Daarnaast vragen de leden van de SP-fractie of de regering het rechtvaardig vindt dat de kosten voor burgers stijgen en voor bedrijven dalen. Zij vragen of de regering kan toelichten waarom hiervoor is gekozen en waarom de regering dit niet omdraait.


Mede vanwege de zorgen die door het parlement eerder zijn geuit over het voorstel van de Europese Commissie voor herziening van de richtlijn energieprestatie van gebouwen, is er nadrukkelijk gekozen voor een lastenluwe implementatie. Dit houdt in dat de implementatie is beperkt tot hetgeen wat noodzakelijk is voor de omzetting van de richtlijn en dat er bij de onderdelen waar ruimte is voor nationale interpretatie gekozen is voor een invulling waarbij de lasten ten opzichte van de individuele en maatschappelijk baten zoveel mogelijk zijn beperkt. Ook is gekeken naar hoe burgers, bedrijven en overheden kunnen worden ontzorgd door vanuit de Rijksoverheid ondersteunende instrumenten aan te bieden. Bij de systeemeisen voor technische bouwsystemen voor de energieprestatie, het adequaat installeren, dimensioneren, inregelen en de instelbaarheid van technische bouwsystemen en de bepaling om de energieprestatie van technische bouwsystemen te overhandigen aan de gebouweigenaar is uit het oogpunt van uitvoerbaarheid bijvoorbeeld besloten om de eisen niet toe te passen bij kleine wijzigingen die geen of nauwelijks effect hebben op de energieprestatie van het technisch bouwsysteem. Ook zal daarom een digitale tool en een standaardformat worden ontwikkeld waarmee installateurs desgewenst de energieprestatie kunnen berekenen en documenteren.

Volgens het lastenonderzoek stijgt de totale eenmalige regeldruk met een bedrag tussen de 35 en 135 miljoen voor burgers en met een bedrag tussen 432,7 en 513,3 miljoen voor bedrijven. De totale structurele regeldruk zal stijgen met een bedrag tussen 35,9 en 47,9 miljoen per jaar voor burgers en dalen met een bedrag tussen 18,7 en 23 miljoen per jaar voor bedrijven. Dat de structurele lasten voor burgers toenemen en voor bedrijven dalen is een gevolg van de verplichtingen uit EPBD III. Het verschil wordt verklaard doordat de uitgangssituatie bij bedrijven bij de verplichting tot het installeren van zelfregulerende apparatuur beter is dan bij woningen en doordat de extra lasten voor bedrijven gecompenseerd worden door een lastenvermindering bij de keuringsverplichting voor verwarmings- en airconditioningssystemen.

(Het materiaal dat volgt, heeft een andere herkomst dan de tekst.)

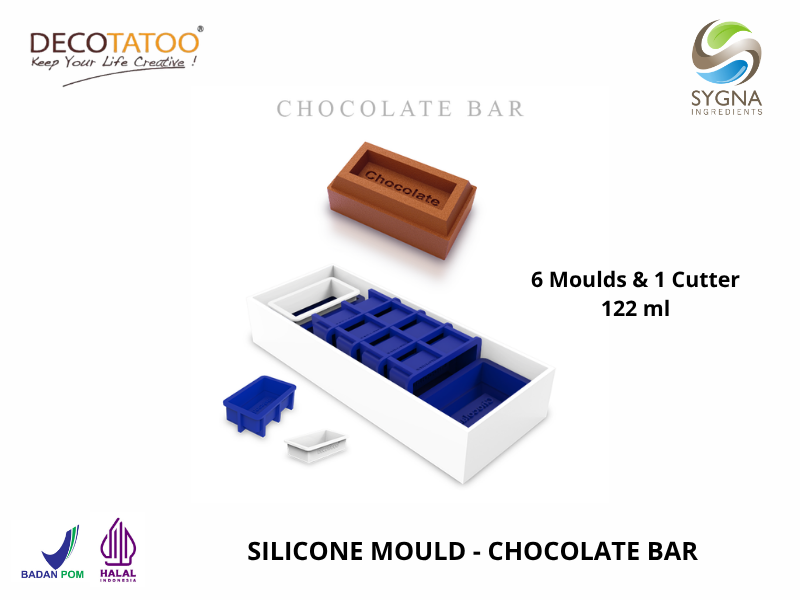 Chocolate Bar Essentials Silicone Mould - 1 Box 6 Pcs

In het lastenonderzoek is ook een inschatting gemaakt van de structurele baten voor burgers en bedrijven. Volgens het lastenonderzoek worden de totale structurele baten ingeschat op 325,1 tot en met 347,4 miljoen voor burgers en 497 miljoen voor bedrijven. Daarbij zijn eventuele indirecte besparingseffecten buiten beschouwing gelaten, zoals de mate waarin de bepalingen over laadinfrastructuur voor elektrisch vervoer bijdragen aan schoner vervoer of de mate waarin gebouweigenaren op basis van keuringen van verwarmings- en airconditioningssystemen besluiten om de systemen energiezuiniger te maken. De inschatting van de structurele baten voor burgers en bedrijven is daarmee vele malen hoger dan de berekende structurele lasten.

De leden van de SP-fractie vragen of de kosten die gepaard gaan met het installeren van zelfregulerende apparatuur kunnen worden gedekt uit het aangekondigde Warmtefonds, en zo nee waarom niet.

Voor bepaalde slimme thermostaten is het mogelijk om via de Subsidie energiebesparing eigen huis subsidie aan te vragen wanneer ook twee isolerende maatregelen worden getroffen waarvoor subsidie wordt verkregen. Daarnaast kunnen gemeenten in het kader van de Regeling Reductie Energiegebruik plannen indienen voor subsidie voor kleine energiebesparende maatregelen bij eigenaren van koopwoningen, zoals de installatie van zelfregulerende apparatuur.
De financieringsvoorwaarden van het Warmtefonds worden op dit moment nog vormgegeven.